* **THE PROBLEM**: Repeat nothing but the lines below running from the one containing "议价 .马尔后倾式离心 YDWF74L60P4-B355*147" to the one containing "世界の現行コイン カタログ 第8版 ヨーマン 硬貨 コレクション 図鑑_画像3". Keep both end lines.

* **INFORMATION SUPPLIED**:
<<<<

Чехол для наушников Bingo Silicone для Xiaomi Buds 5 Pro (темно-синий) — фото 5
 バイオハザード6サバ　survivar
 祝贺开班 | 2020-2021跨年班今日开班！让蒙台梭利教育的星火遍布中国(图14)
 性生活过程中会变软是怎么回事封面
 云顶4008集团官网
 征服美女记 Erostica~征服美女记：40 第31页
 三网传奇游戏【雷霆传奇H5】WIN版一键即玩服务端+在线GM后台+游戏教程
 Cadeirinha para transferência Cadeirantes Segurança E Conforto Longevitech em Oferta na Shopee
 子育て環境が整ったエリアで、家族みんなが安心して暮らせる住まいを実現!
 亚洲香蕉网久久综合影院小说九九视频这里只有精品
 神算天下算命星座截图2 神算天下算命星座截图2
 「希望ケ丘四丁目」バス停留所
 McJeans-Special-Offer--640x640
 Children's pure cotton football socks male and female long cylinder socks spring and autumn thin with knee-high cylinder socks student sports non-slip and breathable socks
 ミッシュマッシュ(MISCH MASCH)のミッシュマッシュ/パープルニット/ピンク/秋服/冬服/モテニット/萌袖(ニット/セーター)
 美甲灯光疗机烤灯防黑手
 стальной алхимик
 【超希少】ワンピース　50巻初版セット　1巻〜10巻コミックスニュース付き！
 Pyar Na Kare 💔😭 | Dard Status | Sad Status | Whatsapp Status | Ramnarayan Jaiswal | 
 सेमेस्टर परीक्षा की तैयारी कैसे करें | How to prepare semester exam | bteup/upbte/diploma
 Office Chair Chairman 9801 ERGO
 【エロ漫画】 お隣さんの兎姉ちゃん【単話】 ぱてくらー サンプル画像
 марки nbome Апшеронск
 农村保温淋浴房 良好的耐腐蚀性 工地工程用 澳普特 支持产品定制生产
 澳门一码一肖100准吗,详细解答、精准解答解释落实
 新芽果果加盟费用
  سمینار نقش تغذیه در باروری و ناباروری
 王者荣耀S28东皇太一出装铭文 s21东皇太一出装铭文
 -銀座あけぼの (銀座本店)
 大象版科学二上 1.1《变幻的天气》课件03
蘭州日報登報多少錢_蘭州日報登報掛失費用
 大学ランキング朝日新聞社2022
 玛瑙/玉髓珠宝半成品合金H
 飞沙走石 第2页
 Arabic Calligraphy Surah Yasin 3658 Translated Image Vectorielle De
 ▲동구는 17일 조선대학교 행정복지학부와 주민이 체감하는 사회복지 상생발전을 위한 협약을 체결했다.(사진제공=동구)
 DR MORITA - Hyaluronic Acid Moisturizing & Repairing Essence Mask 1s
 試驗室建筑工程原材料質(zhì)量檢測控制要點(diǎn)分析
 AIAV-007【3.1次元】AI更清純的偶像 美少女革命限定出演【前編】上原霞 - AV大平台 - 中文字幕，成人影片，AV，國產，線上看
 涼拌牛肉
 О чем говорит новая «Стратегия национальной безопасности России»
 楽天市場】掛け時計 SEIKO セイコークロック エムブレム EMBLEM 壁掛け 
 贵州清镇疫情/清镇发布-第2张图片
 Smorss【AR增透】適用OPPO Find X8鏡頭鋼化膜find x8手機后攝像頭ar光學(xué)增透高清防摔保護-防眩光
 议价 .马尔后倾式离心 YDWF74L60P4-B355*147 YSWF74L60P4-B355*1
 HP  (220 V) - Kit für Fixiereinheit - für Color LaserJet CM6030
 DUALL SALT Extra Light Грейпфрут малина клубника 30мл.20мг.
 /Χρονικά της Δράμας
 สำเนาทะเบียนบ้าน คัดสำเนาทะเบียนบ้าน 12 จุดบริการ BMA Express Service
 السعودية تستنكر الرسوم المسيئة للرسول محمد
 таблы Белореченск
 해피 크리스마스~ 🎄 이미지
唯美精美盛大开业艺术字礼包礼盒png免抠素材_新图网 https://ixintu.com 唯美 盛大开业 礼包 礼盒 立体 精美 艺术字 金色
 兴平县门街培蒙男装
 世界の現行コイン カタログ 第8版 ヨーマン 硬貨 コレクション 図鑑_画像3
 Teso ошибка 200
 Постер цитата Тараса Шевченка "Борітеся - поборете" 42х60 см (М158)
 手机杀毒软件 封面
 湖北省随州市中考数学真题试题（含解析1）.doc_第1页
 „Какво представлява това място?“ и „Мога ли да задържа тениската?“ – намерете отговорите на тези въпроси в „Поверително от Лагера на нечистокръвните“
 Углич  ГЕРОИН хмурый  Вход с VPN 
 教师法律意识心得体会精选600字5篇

>>>>

* **SOLUTION TO THE EXERCISE**:
 议价 .马尔后倾式离心 YDWF74L60P4-B355*147 YSWF74L60P4-B355*1
 HP  (220 V) - Kit für Fixiereinheit - für Color LaserJet CM6030
 DUALL SALT Extra Light Грейпфрут малина клубника 30мл.20мг.
 /Χρονικά της Δράμας
 สำเนาทะเบียนบ้าน คัดสำเนาทะเบียนบ้าน 12 จุดบริการ BMA Express Service
 السعودية تستنكر الرسوم المسيئة للرسول محمد
 таблы Белореченск
 해피 크리스마스~ 🎄 이미지
唯美精美盛大开业艺术字礼包礼盒png免抠素材_新图网 https://ixintu.com 唯美 盛大开业 礼包 礼盒 立体 精美 艺术字 金色
 兴平县门街培蒙男装
 世界の現行コイン カタログ 第8版 ヨーマン 硬貨 コレクション 図鑑_画像3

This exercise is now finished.